# 1965 pontiac conv vin tag info needed



## redhotgto66 (Sep 11, 2021)

hi all,
im new to these form but have owned 4 different gto's over the years, just never found this place.
i am looking at a 65 gonv gto wanting to make sure its a gto and it has a wierd number on it, so wanted some help.
heres the tag info
05A
ST 65-23767 KAN 2219 BODY
TR 214- L-2  PAINT
W 2WGP 5W 
my problem is the 5W is that a gto option or what ?
thanks for any help


----------



## O52 (Jan 27, 2019)

5N is the GTO code for Kansas City plant. . But not all factories listed the options on the Fisher Body tag. PHS documents are the final say however since trim tags can be replaced

I’m getting a little dyslectic in my old age.
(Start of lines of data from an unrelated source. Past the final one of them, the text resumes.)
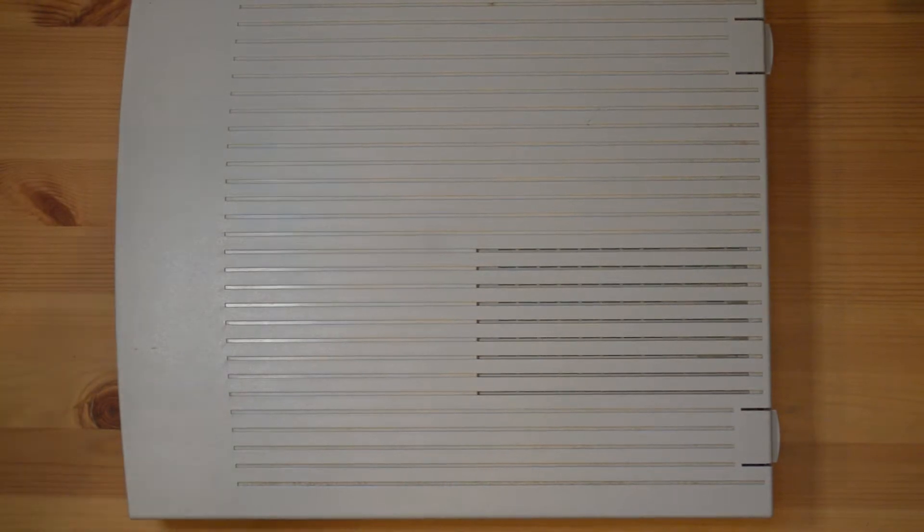In our last video, we had a Mac LC on the bench with capacitors that needed to be replaced, a hard drive that wasn't showing up, and a bunch of work to do. Here in part two, we're going to replace those capacitors, take a look at the hard drive, and see if this thing boots.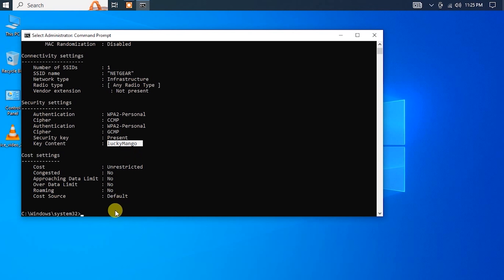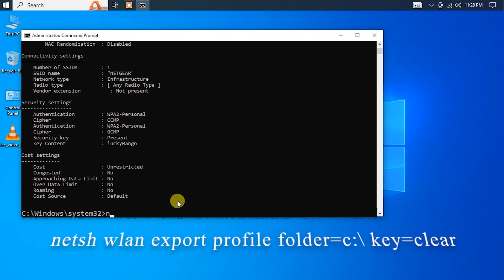If you want to save all of your saved Wi-Fi passwords to a file, you can run the following command: netsh wlan export profile folder=c:\ key=clear.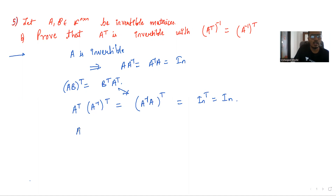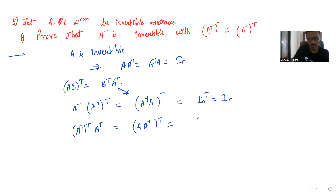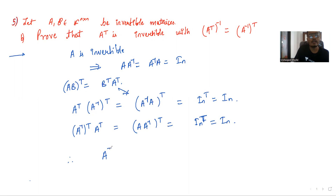Similarly, A inverse transpose times A transpose is the same as A inverse times A, whole transpose, which is identity transpose, which is nothing but the identity. Therefore, A transpose is invertible and the inverse of A transpose is A inverse transpose.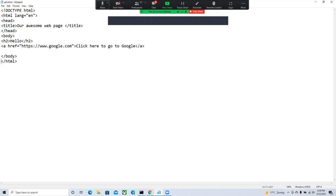Armando asked about DOCTYPE syntax — whether there needs to be a space. Yes, it's: less-than exclamation-mark DOCTYPE space HTML. He mentioned he already knows a little bit about HTML and is just learning more today. Good idea to clarify that syntax.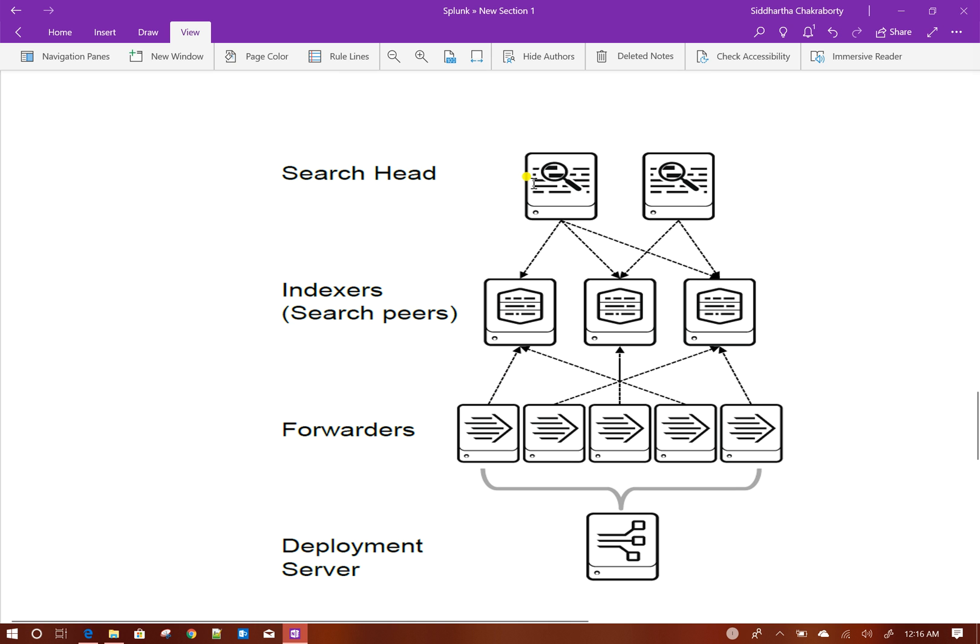Then there are a couple of search heads installed in your Splunk as well, which are running searches on different indexers. This is how a typical distributed environment looks like.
Above answer has been edited


----------



## O52 (Jan 27, 2019)

5W is deluxe seat belts
2W 2 spd automatic
2G console
2P. Back up lamps
W tinted glass

it Doesn’t show the GTO Code


----------



## redhotgto66 (Sep 11, 2021)

O52 said:


> 5W is deluxe seat belts
> 2W 2 spd automatic
> 2G console
> 2P. Back up lamps
> ...


thx everyone, i ended up and did not buy the car, too much money for a kinda rusty rough vert with a frame ready to break in two ! wanted 12500.00 and wouldnt budge but it was all there so theres that lol


----------